About this exercise:
Every line in the material below that includes "Road" should be copied.

───── Exercise materials

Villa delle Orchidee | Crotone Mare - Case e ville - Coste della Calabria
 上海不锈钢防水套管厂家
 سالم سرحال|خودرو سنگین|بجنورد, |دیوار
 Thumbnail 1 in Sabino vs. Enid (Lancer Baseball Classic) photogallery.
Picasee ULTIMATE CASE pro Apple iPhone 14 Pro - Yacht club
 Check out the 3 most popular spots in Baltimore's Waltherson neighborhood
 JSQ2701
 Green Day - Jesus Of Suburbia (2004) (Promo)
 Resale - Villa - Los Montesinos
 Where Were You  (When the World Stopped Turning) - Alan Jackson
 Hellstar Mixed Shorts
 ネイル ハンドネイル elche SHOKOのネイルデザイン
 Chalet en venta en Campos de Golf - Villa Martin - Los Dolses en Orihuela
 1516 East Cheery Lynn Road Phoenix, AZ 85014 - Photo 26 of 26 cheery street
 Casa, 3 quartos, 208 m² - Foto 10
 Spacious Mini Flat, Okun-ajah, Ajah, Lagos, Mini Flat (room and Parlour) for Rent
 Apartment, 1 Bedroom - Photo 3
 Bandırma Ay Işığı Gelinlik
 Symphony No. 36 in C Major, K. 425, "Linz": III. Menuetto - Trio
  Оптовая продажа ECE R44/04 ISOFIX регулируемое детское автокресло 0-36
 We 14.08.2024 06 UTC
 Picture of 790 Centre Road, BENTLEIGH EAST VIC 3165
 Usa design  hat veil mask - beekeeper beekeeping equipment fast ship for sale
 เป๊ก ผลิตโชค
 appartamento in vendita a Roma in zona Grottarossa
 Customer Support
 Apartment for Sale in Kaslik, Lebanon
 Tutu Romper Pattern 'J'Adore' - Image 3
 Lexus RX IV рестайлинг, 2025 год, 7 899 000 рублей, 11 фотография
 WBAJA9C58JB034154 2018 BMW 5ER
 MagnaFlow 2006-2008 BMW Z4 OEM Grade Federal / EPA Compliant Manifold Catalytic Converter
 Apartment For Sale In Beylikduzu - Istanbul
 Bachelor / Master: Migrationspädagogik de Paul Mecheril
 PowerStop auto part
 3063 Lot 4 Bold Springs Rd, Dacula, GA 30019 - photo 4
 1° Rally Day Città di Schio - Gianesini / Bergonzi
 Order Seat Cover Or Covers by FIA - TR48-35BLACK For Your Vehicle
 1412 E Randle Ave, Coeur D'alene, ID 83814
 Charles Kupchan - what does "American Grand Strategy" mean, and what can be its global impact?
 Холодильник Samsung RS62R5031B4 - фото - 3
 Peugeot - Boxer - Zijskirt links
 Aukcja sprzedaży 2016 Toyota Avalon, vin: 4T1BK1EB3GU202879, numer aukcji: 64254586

──────────

Output for this exercise:
 1516 East Cheery Lynn Road Phoenix, AZ 85014 - Photo 26 of 26 cheery street
 Picture of 790 Centre Road, BENTLEIGH EAST VIC 3165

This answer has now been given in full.